Since purchasing the car in January of 2006, current owner James Edward is returning the car to its original race condition for competition in select historic race events.
It was inspected by McLaren Trust Members at Road America's 40th Can Am reunion. It was confirmed that this M6B/GT was as originally built including the chassis, corners and body. They stated that it was one of two such vehicles left in existence.
The car just participated in the 40th CanAm reunion at Road America where a number of McLaren experts were amazed to see an original chassis in such pristine condition. Comments from former McLaren crew members, fabricators, and McLaren Trust Members from New Zealand included that this may be one of two or three original McLarens in existence.
They all loved seeing it in the true museum 'The Track' but hope it will remain an unmolested example of vintage McLaren.
New Zealander Bruce McLaren had many talents. He was the youngest ever Grand Prix winner, scored Ford with their first ever 24 Hours of LeMans victory in 1966, and a very successful racing car manufacturer.
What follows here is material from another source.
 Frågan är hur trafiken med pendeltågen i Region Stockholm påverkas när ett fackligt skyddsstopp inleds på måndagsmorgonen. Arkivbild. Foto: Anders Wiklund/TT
His McLaren M6 cars dominated the Group 7 CanAm series in 1967; his cars did well in other series, such as Formula 1 with Denny Hulme scoring the marques first victory in 1968.
As the end of the 1960s came into sight, Bruce worked aggressively towards realizing one of his personal dreams and goals of building the fastest mid-engine car in the world based on his very successful racing cars, specifically in the Can Am series. He intended to cloth an M6 monocoque in a coupe body and use it for contention in the Group 4 category of the World Sports Car Championship. He had wanted to contend the Group 6 prototype category, but new regulations in 1968 limiting displacement to just three liters had him focusing on the Group 4 category. This category required a homologation of fifty cars and limited displacement to five liters. This 5-liter limit was a worry for Bruce as his Chevrolet engines realized their true potential at a higher displacement level, plus the reality that European fuels had lower octane. Even with this potentially problematic concerns, Bruce continued with development of his Group 4 racer. The homologation requirements were satisfied by Bruce partnering with the British Trojan Company to build the production Group 7 Can-Am cars.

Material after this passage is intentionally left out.